O globo, n. 31036, 28/07/2018. Artigos, p. 17

 

O justo julgamento dos responsáveis

João Carlos Castellar

28/07/2018

 

 

Recente decisão da Corte Interamericana de Direitos Humanos (CIDH) condenou o Brasil por falta de investigação, julgamento e punição dos responsáveis pela tortura e o assassinato do jornalista Vladimir Herzog. O tribunal também proclamou que “o Estado não pode invocar a existência da figura da prescrição (...) ou a Lei de Anistia ou qualquer outra disposição semelhante ou excludente de responsabilidade para escusar-se de seu dever de investigar e punir os responsáveis”, conforme noticiado.

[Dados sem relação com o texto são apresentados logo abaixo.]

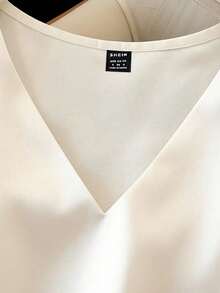 Franclia 女士优雅休闲白色V领无袖抽绳缎面背心，夏季上衣，春假、通勤上班、休闲度假、夏季假期、海滩度假、婚礼宾客等场合皆宜，白色纯色面料。白色优雅上衣，女士上衣，优雅蝴蝶结上衣，象牙色上衣，V领上衣，抽绳细节上衣，缎面衬衫，女士休闲现代夏季上衣，优雅女士上衣，女士上衣。 - 白色 - 查看 6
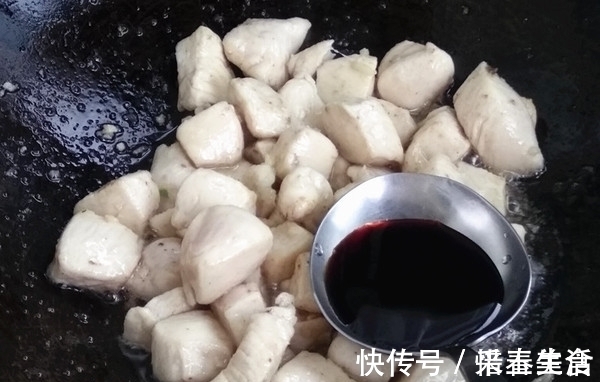 白发脱发|白发脱发的人别慌!学会这“菜”,隔三差五吃一些,护发乌发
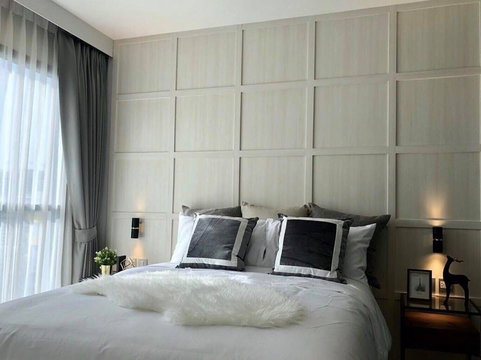 Room For Rent Condo Rhythm Rangnam ( 1 Bedroom  near Victory Monument) 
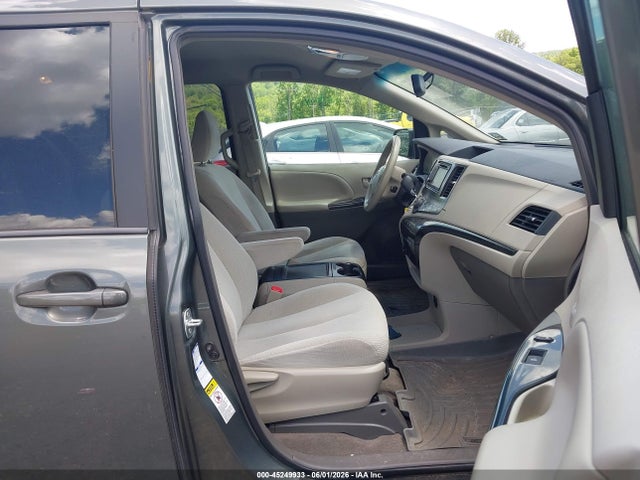 Toyota Sienna Le 7 Passenger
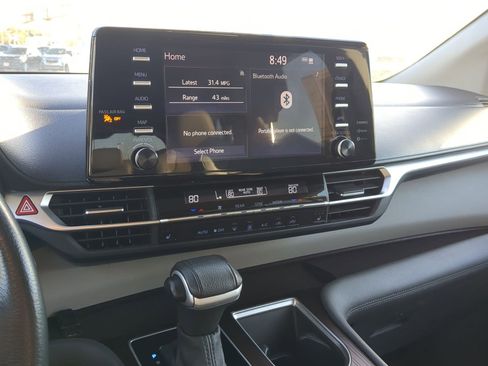 Used 2023 Toyota Sienna XLE image 23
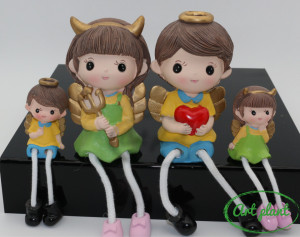 Set 4 figurine de răsină Familie Inger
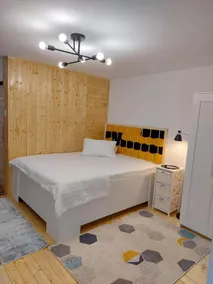 Studio 22 - Image 4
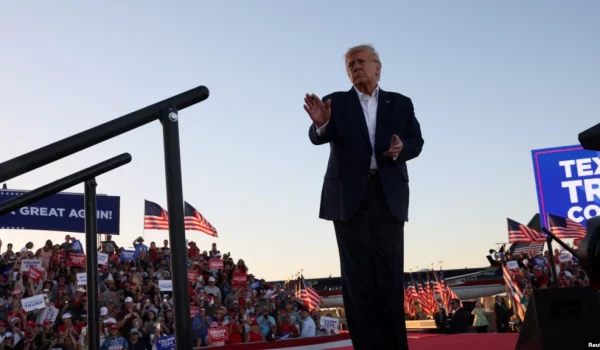 ARCHIVO: El expresidente de Estados Unidos, Donald Trump, gesticula durante su primer mitin de campaña después de anunciar su candidatura a la presidencia en las elecciones de 2024 en un evento en Waco, Texas, Estados Unidos, el 25 de marzo de 2023.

Essa importante manifestação da CIDH remete os brasileiros a refletirem sobre o alcance da chamada “Lei de Anistia”, que entrou em vigor em 28 de setembro de 1979. Para tanto, é oportuno recordar alguns acontecimentos dos dois anos anteriores à sua edição.

Em abril de 1977, o então presidente Geisel baixou o “Pacote de Abril”, fechando o Congresso Nacional, de modo a conseguir maioria para eleger seu sucessor. E conseguiu. Mas, diante do avanço das lutas populares por liberdades democráticas, o general Figueiredo se viu na contingência de adotar o discurso da “revisão dos processos”. Disso resultou a revogação do famigerado Decreto-Lei 898/69, editando-se uma nova Lei de Segurança Nacional, estatuto que reduzia as severas penas previstas no anterior, viabilizando a soltura de muitos presos políticos. Permaneceriam apenas aqueles condenados por “crimes de sangue”.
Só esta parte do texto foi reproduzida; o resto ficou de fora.